— Plaintiff appeals from an order dismissing her complaint, with prejudice.
Plaintiff had filed a complaint to which both defendants filed preliminary objections. After oral argument, the court sustained the objection that was based on the bar of the Workers’ Compensation Act and entered the order appealed from. The other objections were moot. In item 2.b of her statement of matters complained of on appeal, plaintiff raises the issue of the sufficiency of the complaint as to her fraudulent misrepresentation claim. The transcript shows that the parties at oral argument focused on whether or not the facts pled or pleadable made out an exception to the general rule that the Act provides the exclusive remedy for employees such as plaintiff’s decedent against their employers and *97co-employees. This is the issue raised in item 2.a of plaintiff’s statement and is the only issue this opinion will address. The transcript of the argument shows that the court accepted as true all the facts pled and that no additional facts that would invoke the exception could be pled, thereby justifying the court’s refusal to grant leave to amend (a refusal which is not complained of but which the court mentions to indicate that leave to amend was considered and was not lightly denied).

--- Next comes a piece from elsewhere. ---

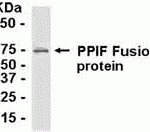 E coli-derived fusion protein as test antigen. Affinity-purified IgY dilution: 1:2000, Goat anti-IgY-HRP dilution: 1:1000. Colorimetric method for signal development.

The exception to the Act’s exclusivity provision would arise under the case of Martin v. Lancaster Battery Company Inc., 530 Pa. 11, 606 A.2d 444 (1992), in which the employer’s intentional concealment of the bad results of mandatory blood tests done to monitor employees, including Martin, for excessive levels of lead was held to make out an exception to the exclusive remedy provision of the Act. Because of the intentional deception of the employee himself (rather than of a third party, such as a government safety inspector), resulting in severe and foreseeable health consequences, the plaintiff in Martin was permitted to pursue his fraudulent misrepresentation claim against his employer. The Pennsylvania Supreme Court explained its ruling as follows:
“The employee herein has alleged fraudulent misrepresentation on the part of his employer as causing the delay which aggravated a work-related injury. He is not seeking compensation for the work-related injury itself in this action. Clearly, when the legislature enacted the Workers’ Compensation Act in this Commonwealth, it could not have intended to insulate employers from liability for the type of flagrant misconduct at issue herein by limiting liability to the coverage provided by the Workers’ Compensation Act. There is a difference *98between employers who tolerate workplace conditions that will result in a certain number of injuries or illnesses and those who actively mislead employees already suffering as the victims of workplace hazards, thereby precluding such employees from limiting their contact with the hazard and from receiving prompt medical attention and care.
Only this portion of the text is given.